The Swabian castle of Bari, the court of two enlightened sovereigns
You can't say you know Bari if you don't visit its castle, the city's landmark building, close to the old town, between the old dockyard and the cathedral.
Commissioned by Emperor Frederick II in the 13th century on what remained of a Norman fortification, it was transformed several times, until in its golden age it became the seat of a refined Renaissance court ruled by two women.
Today it is home to a museum and the city's cultural centre.
A millennium-long walk
A visit to the impressive fortress surrounded by the moat that dominates the historic centre of Bari is a millennium-long walk in the company of great emperors and queens.
The central part is of Byzantine-Norman origin, but was completely transformed by Frederick II between 1233 and 1240, then restored by Charles of Anjou in the following century, while the sloping balustrades with corner towers were added in the Aragonese period during the 16th century.
When the Aragonese donated it to the Sforza ducal family, the fortress was enlarged and embellished by the intervention of two women, mother and daughter: Isabella of Aragon, widow of Gian Galeazzo Sforza, Duchess of Bari and Bona Sforza. The castle became the seat of a court that had nothing to envy from the Lords of the North. We owe them the scenic double flight of stairs connecting the ground floor to the halls of the piano nobile.
During Bourbon rule, the castle began a long period of decay and abandonment, during which it was used as a prison and barracks. Only recently, in 2017, after extensive restoration and enhancement work, was the castle opened to the public as a museum.
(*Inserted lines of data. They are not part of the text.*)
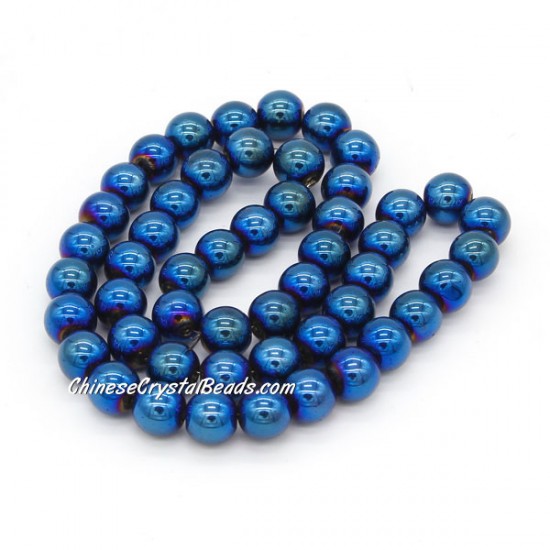 51Pcs 8mm Round Glass Beads, hole 1.5mm, Metalic blue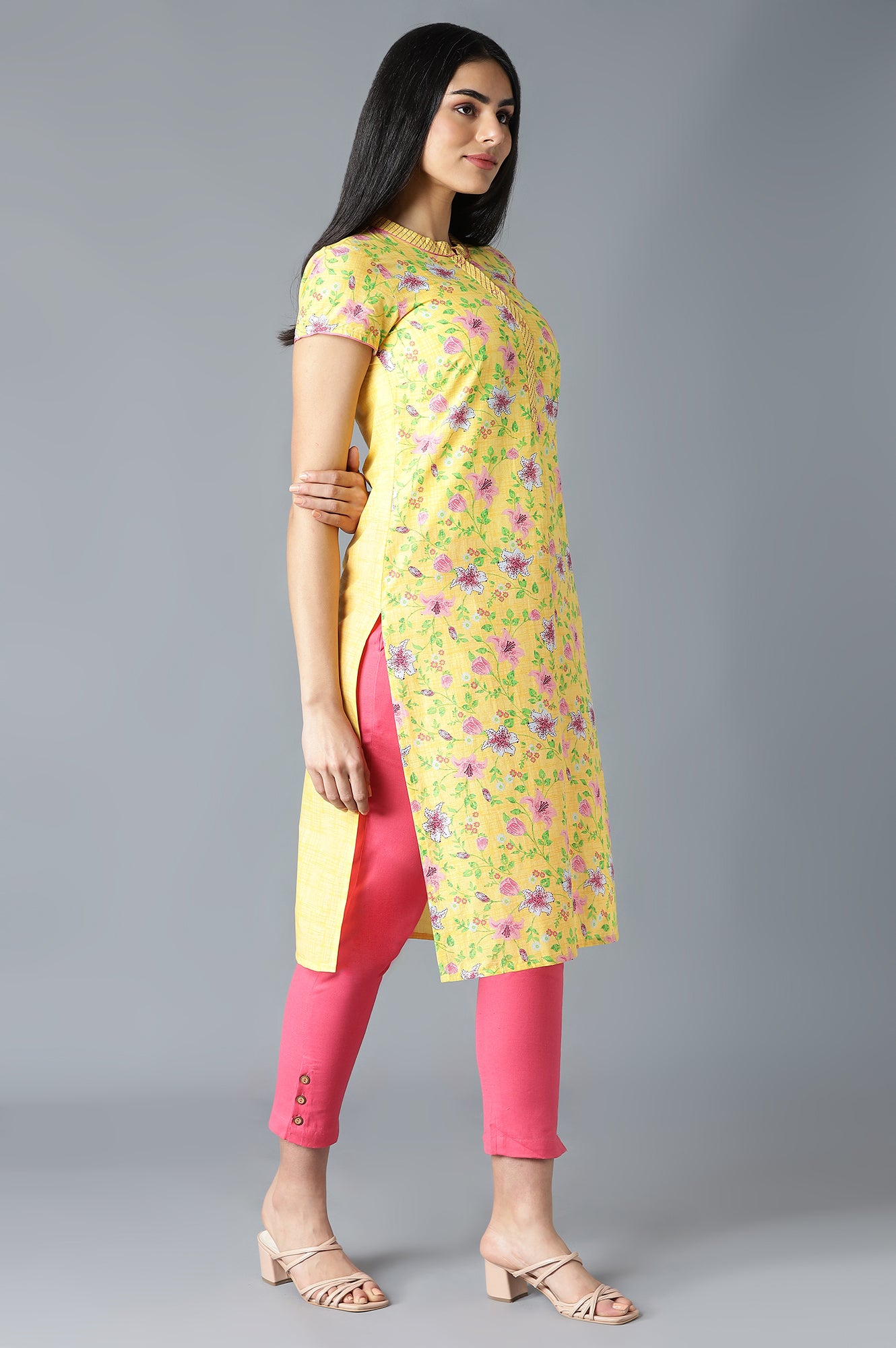 Yellow Floral Printed kurta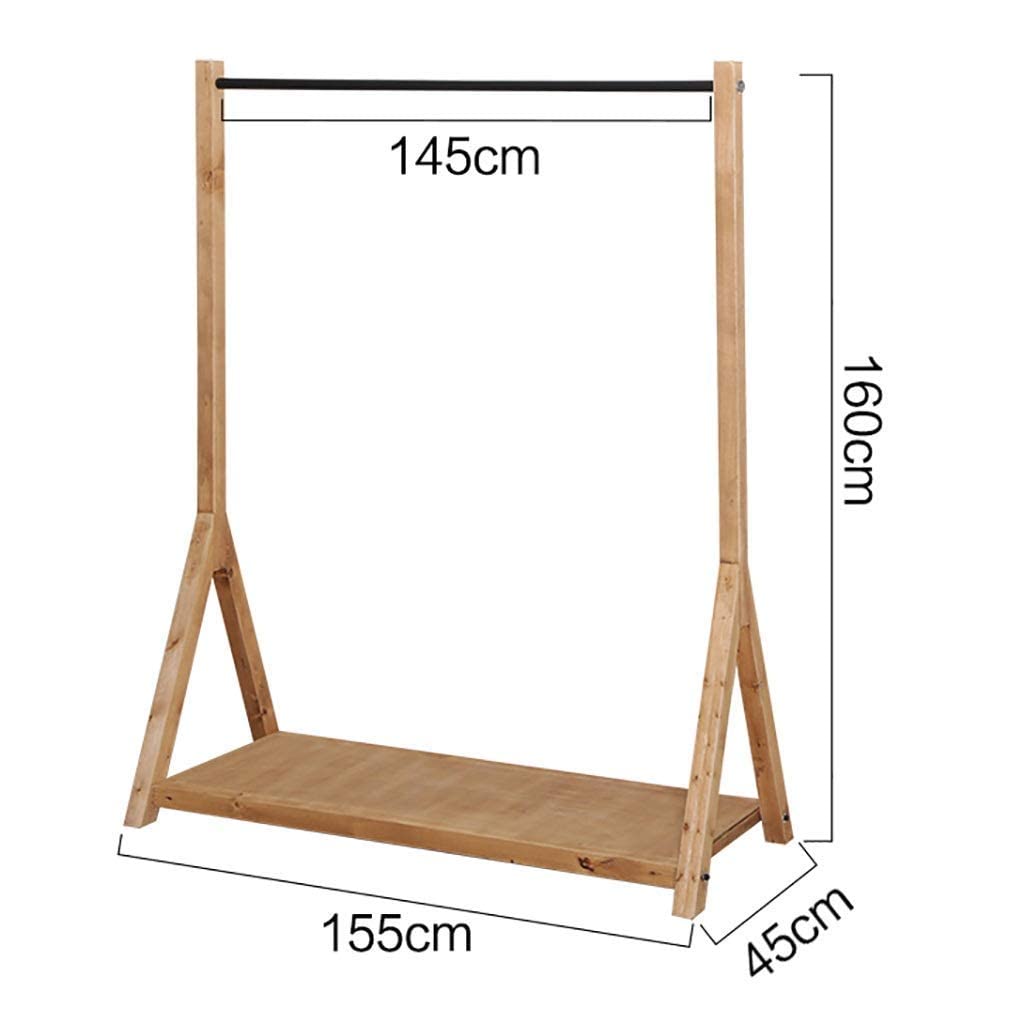 Solid Wood Coat Rack - Heavy Duty Clothes Stand for Bedroom, Balcony & Clothing Stores | Multi-Functional Garment Hanger Display for Men & Women's Wardrobe Organization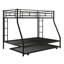 Lit simple sur lit double avec structure en acier robuste, lit superposé avec lit gigogne simple, échelles à deux côtés-1711515248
On the main floor, exhibitions and permanent displays
The main floor of the castle is divided into various halls that are used for temporary exhibitions, cultural events and for permanent displays: the Aragonese Hall houses a photographic exhibition on the history of the restoration of the castle; the Angevin wing houses the archaeological collection of tableware ceramics (15th-18th century) from the excavations of the "butto" (today we would call it a rubbish tip) that testify to an area of court life, while the so-called Torre dei Minorenni displays a collection of precious materials and jewellery from various places in Apulia.
The Gipsoteca of the Castle of Bari
The ground floor of the Castle, in the beautiful rooms with ogival arches, houses the Gipsoteca, an interesting collection of plaster reproductions of sculptures of some Apulian monuments made in 1911 by artists Pasquale Duretti and Mario Sabatelli for the Apulian pavilion at the Ethnographic Exhibition organised in Rome on the occasion of the 50th anniversary of the Unification of Italy.